1) They prefer cocktails, because a snazzily prepared cocktail looks great on an Instagram post or TikTok clip. Dry ice, garnishes, elaborate presentations, they look great on phone messages or social media. A glass of wine or beer is just, well, a glass of wine or beer. Makes for a blah picture on the iPhone.
2) A lot of reports citing the bad health effects of alcohol, including wine, are coming out; I even heard of a report linking alcohol use to cancer. The more health conscious of the younger generations are thinking it’s better to be safe than sorry, and are eschewing all alcohol, even wine. (I’ve also heard of reports debunking red wine’s health benefits.) Not drinking is becoming a status symbol for those.
Myself, I enjoy wine, but it’s almost always at a restaurant. Nobody else in my household drinks wine, and I can’t go through a bottle of red by myself in the few days before it goes bad. (I don’t drink that often; I often need several weeks to finish off a six-pack.) I also rarely go to wine bars because if I have more than one drink at a time, I’m too woozy to drive home. Wish there were more within a reasonable bus commute away.

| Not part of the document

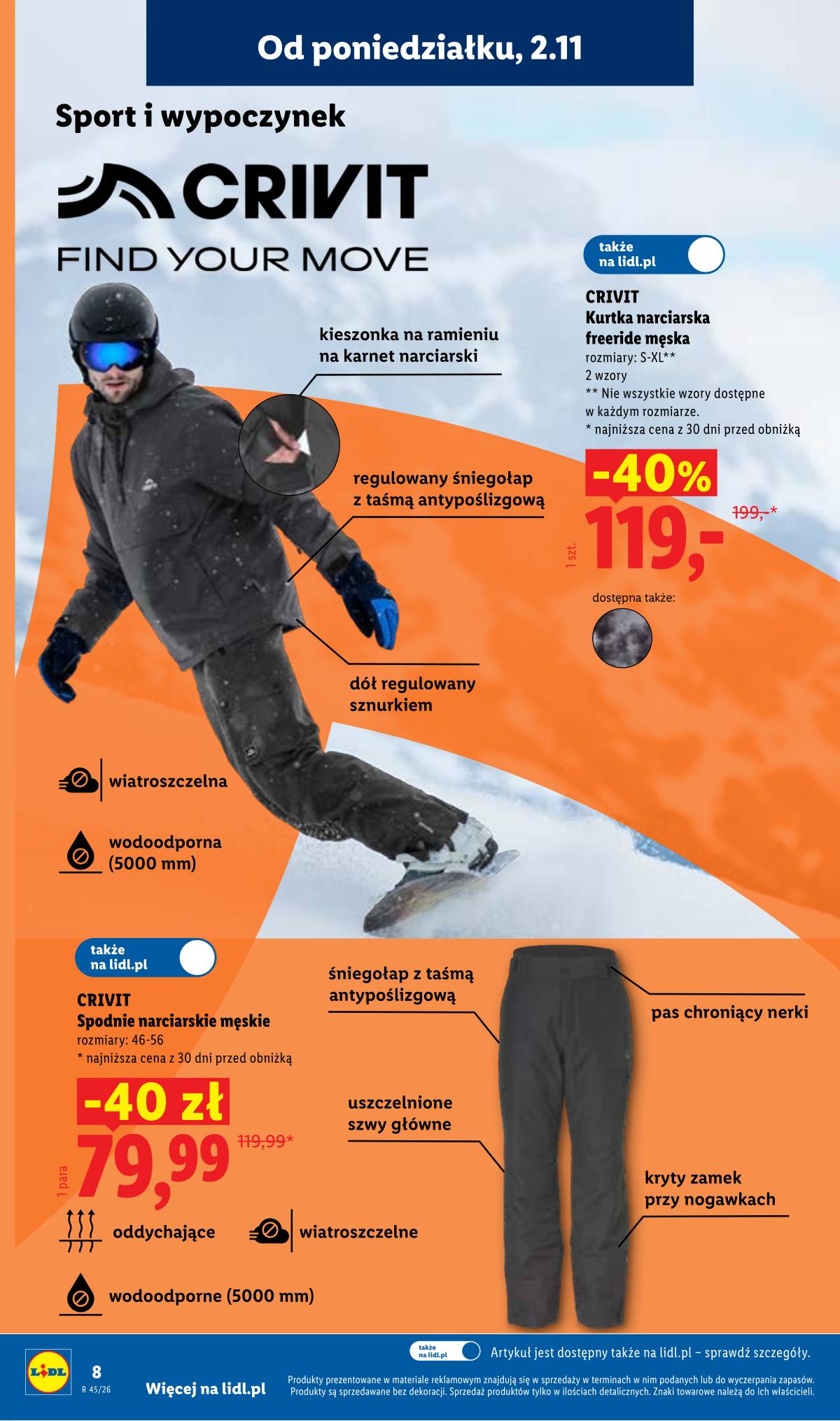 Lidl Lenkija - Katalog 10 puslapis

Very interesting Michael. I had not thought about the Instagram/TikTok advantages of cocktails. Of course for those really into wine a picture of a wine label from a rare or old or special bottle carries some weight. But if you don’t know what you’re looking at, it wouldn’t matter. We are definitely in a time when the cultural winds are blowing anti-alcohol. But moderation in all things is fine – including moderation.
I love adventuring for wine in Washington, Oregon, and California (even BC). Many a vacation is based on automobile trips to wine areas. Or as my wife calls it…..drinking and driving, tasting and travelin, sippin’ and speedin’, tannins and tickets.
Hey, hay, where can I stay? Don’t answer.